A typical fiber optic cable includes a fiber for carrying light from one end to the other. In general, the fiber includes a core, a surrounding cladding and an outer jacket. Typically, the core is translucent material (e.g., glass, plastic, etc.) through which pulses of light (i.e., representing binary data) can propagate. The surrounding cladding includes material similar to that of the core but provides a lower refractive index than that of the core in order to cause properly angled light within the core to reflect back into the core with minimal light energy loss. The outer jacket (or buffer) protects and strengthens the cable.

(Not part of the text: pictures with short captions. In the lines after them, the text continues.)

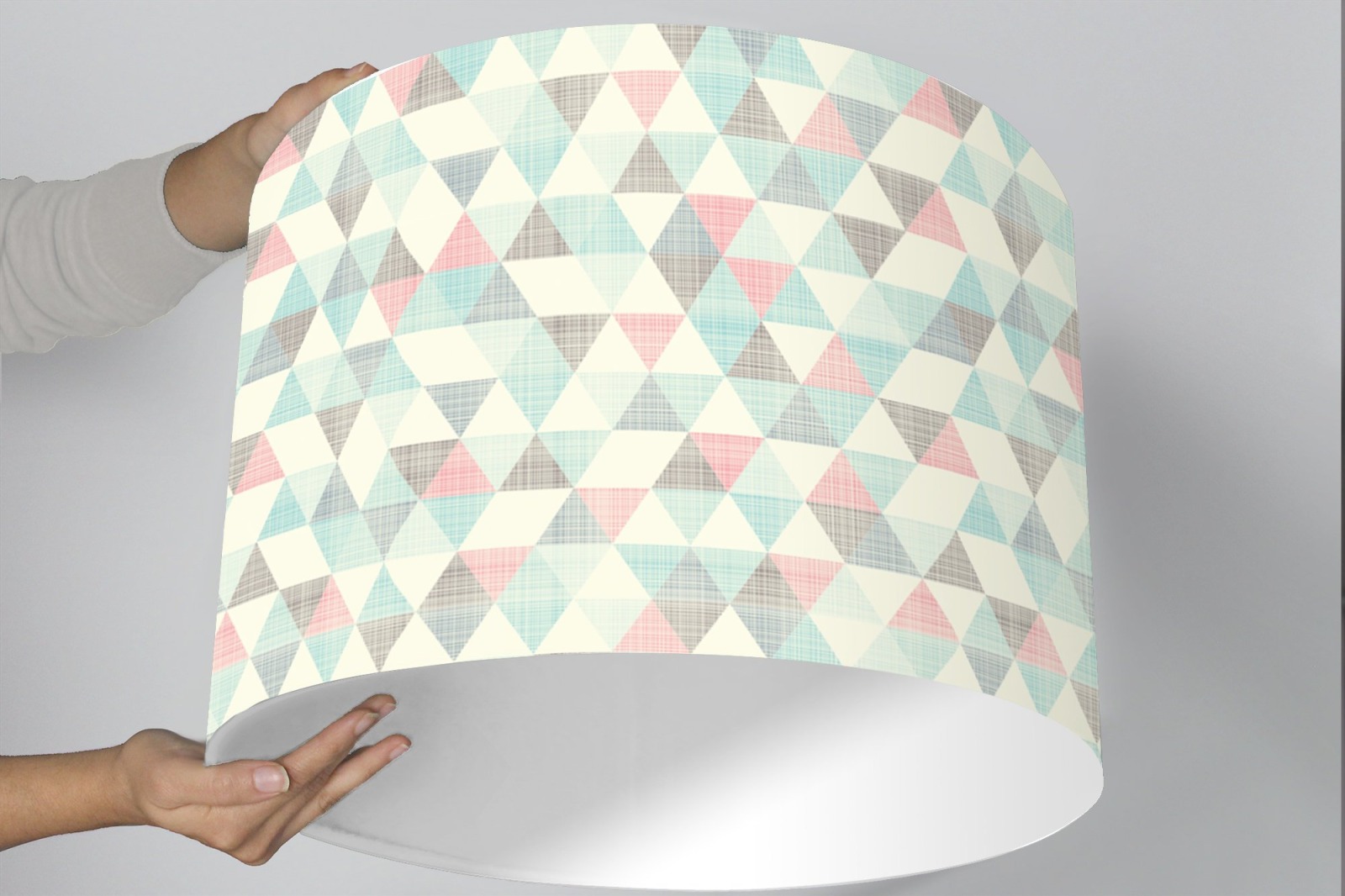 Design Lampenschirm mit Dreiecken 3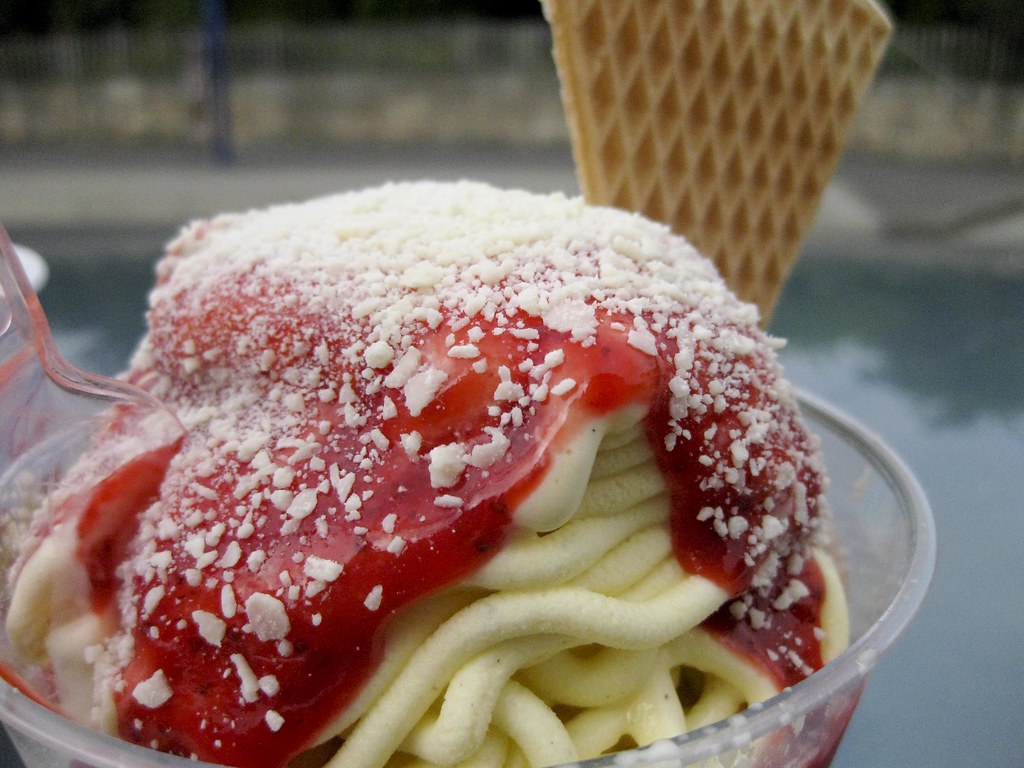 German Spaghetti Ice Cream Recipe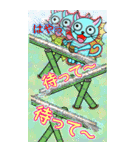 水色 にゃんしー 「でっかい 夏だぜ！！」（個別スタンプ：24）
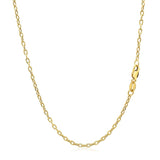Double Extendable Cable Chain 1.80 mm in 14k Yellow Gold, view 3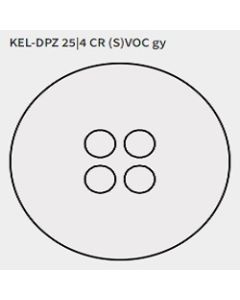 KEL-DPZ 25|4 CR (S)VOC gy | 43737.600 | Cable Entry Plates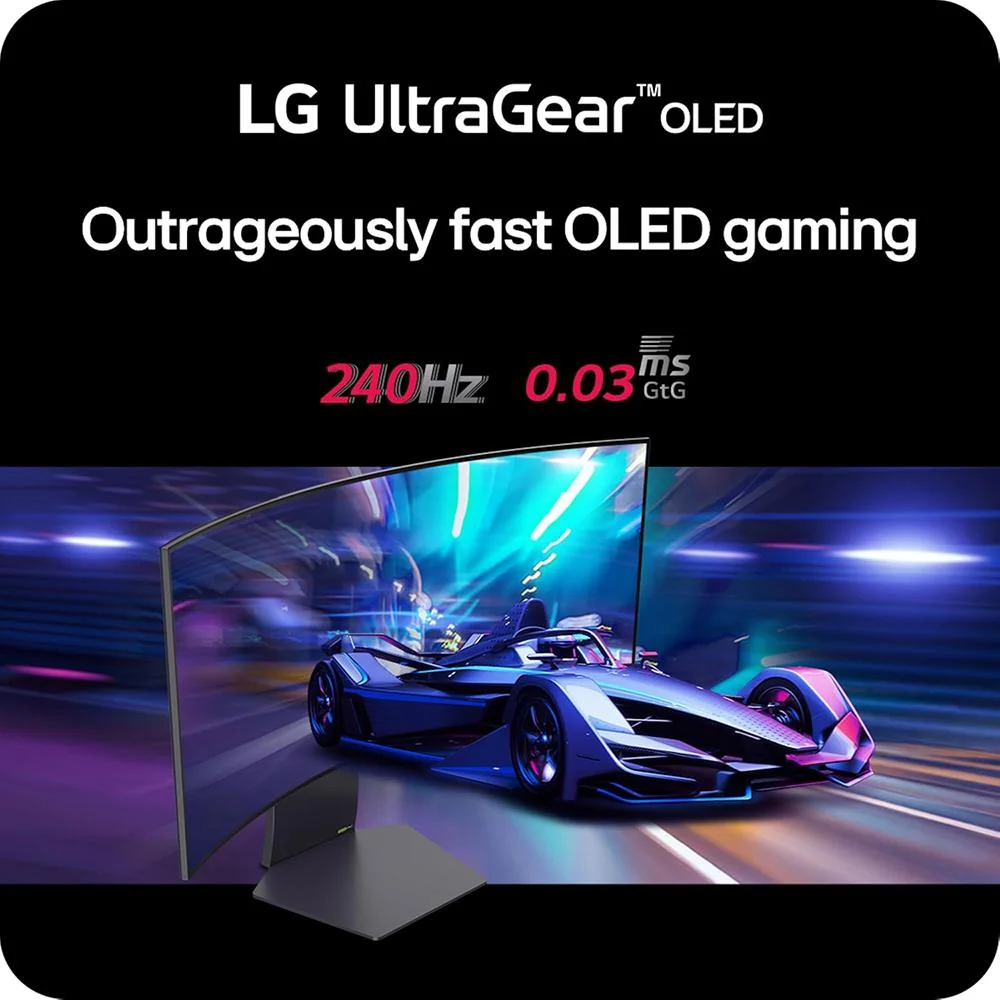 LG 39 inch UltraGear OLED G-Sync Compatible 800R Curved Gaming Monitor Open Box - Image 11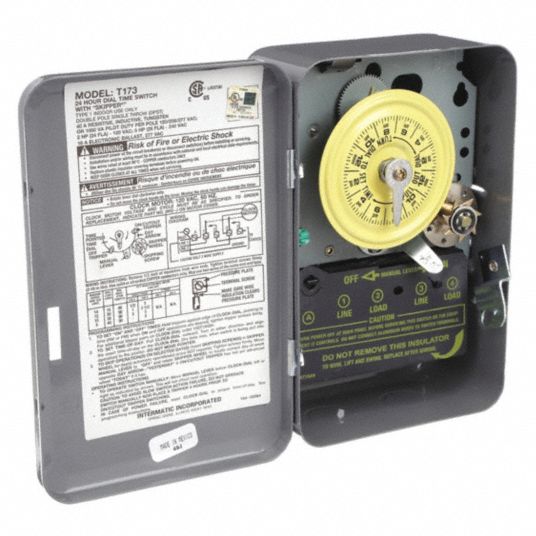 INTERMATIC, 24 hr Nominal Max. Time Setting, Steel, Electromechanical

A fiber optic connector typically resides at each end of the fiber optic cable. Such a connector typically includes a precision molded component called a ferrule (e.g., an MT ferrule). The ferrule, which is typically made out of metal, ceramic, plastic, or a combination of ceramic and plastic, holds the end of the fiber (i.e., the end of the fiber core and cladding) using epoxy or solder. The connector precisely positions the fiber end relative to another fiber optic component (e.g., a laser which outputs pulses of light, a sensor for receiving pulses of light, an end of a fiber belonging to another fiber optic cable, etc.) in order to minimize light energy loss.
Some fiber optic cables include multiple fibers (e.g., a bundle of fibers) which terminate at specialized connectors that position the ends of the fibers in a row (i.e., a row of fiber ends). A user can attach two of these cables together to form longer fiber optic pathways through the lengths of the two cables using a specialized coupling called an adaptor. The adaptor receives and holds the specialized connectors which terminate the ends of the cables.

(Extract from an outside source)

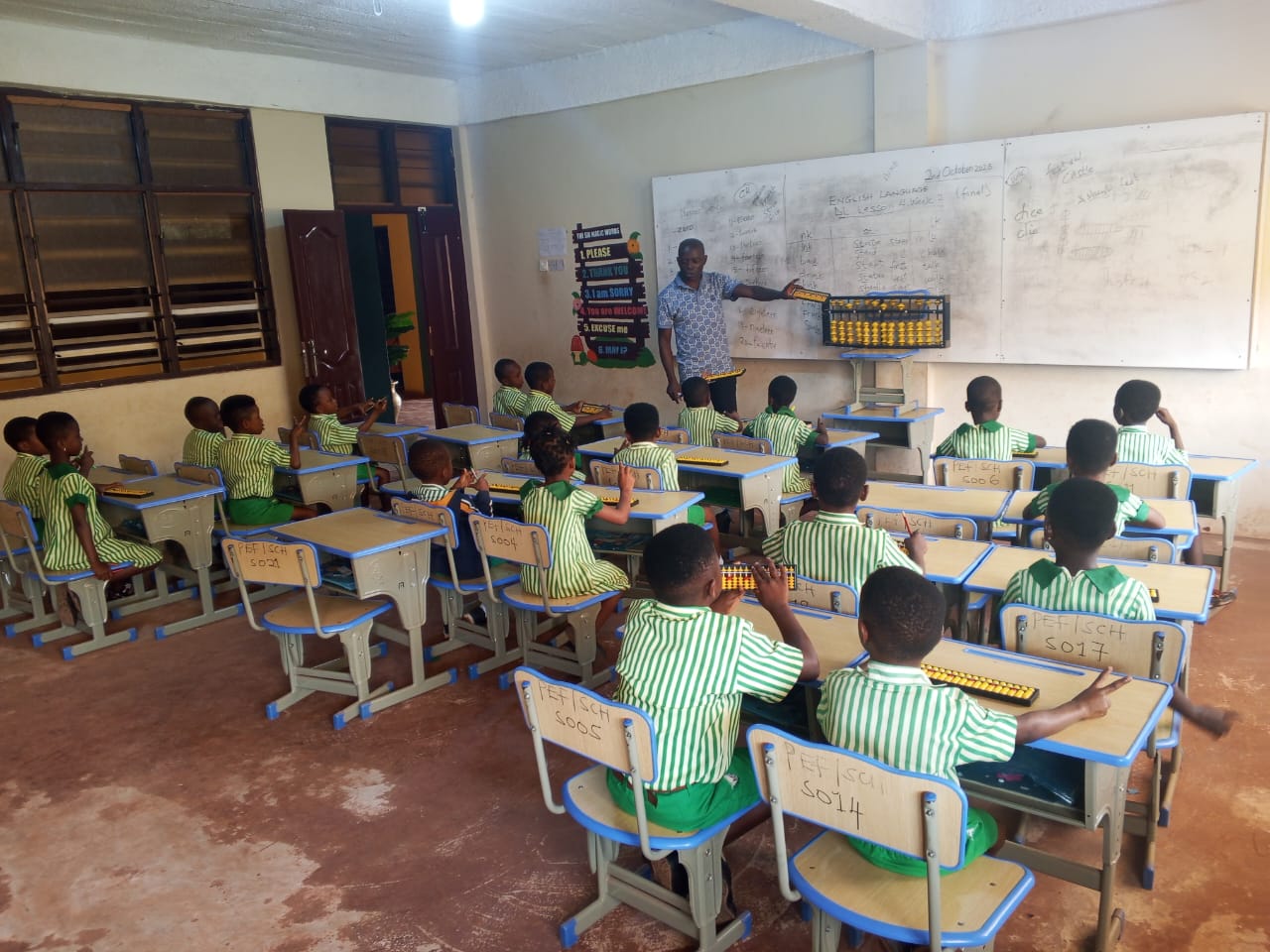 Abacus training session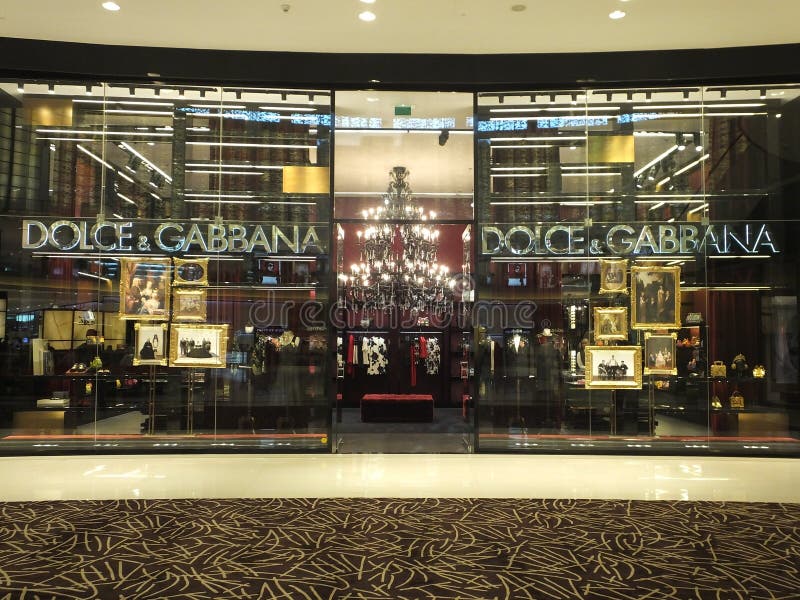 Dolce & Gabbana Sklep W Dubaj Centrum Handlowym, UAE Zdjęcie Editorial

One approach to aligning together two fiber optic connectors is called the pin-in-hole approach. Here, the user plugs the connector of a first cable into an adaptor, and then plugs the connector of a second cable into the adaptor such that the row of fiber ends of the first cable face a corresponding row of fiber ends of the second cable. A pair of metal pins residing on the ends of the row of fiber ends of the first cable extend outward in a direction parallel to the fibers. The metal pins are located and held in the ferrule. As the user plugs the cable of the second connector into the adaptor, this pair of metal pins inserts into corresponding holes residing on the ends of the row of fiber ends of the second cable to properly position the two connectors relative to each other. Once the fiber ends of the first cable are properly aligned with the fiber ends of the second cable, light from a fiber end of one cable can pass to a corresponding fiber end of the other cable with minimal light energy loss.
Fiber optic cables which have two, four, eight or 12 fibers typically terminate using connectors which configure the fiber ends into a single row configuration (e.g., a single row of two, four, eight or 12 fiber ends). A fiber optic cable having 24 fibers typically terminates in a double row configuration (e.g., two rows with each row having 12 fiber ends). In both the single row configuration and the double row configuration, a pair of metal pins, one at each end of the single or double row configuration, aligns the two connectors relative to each other.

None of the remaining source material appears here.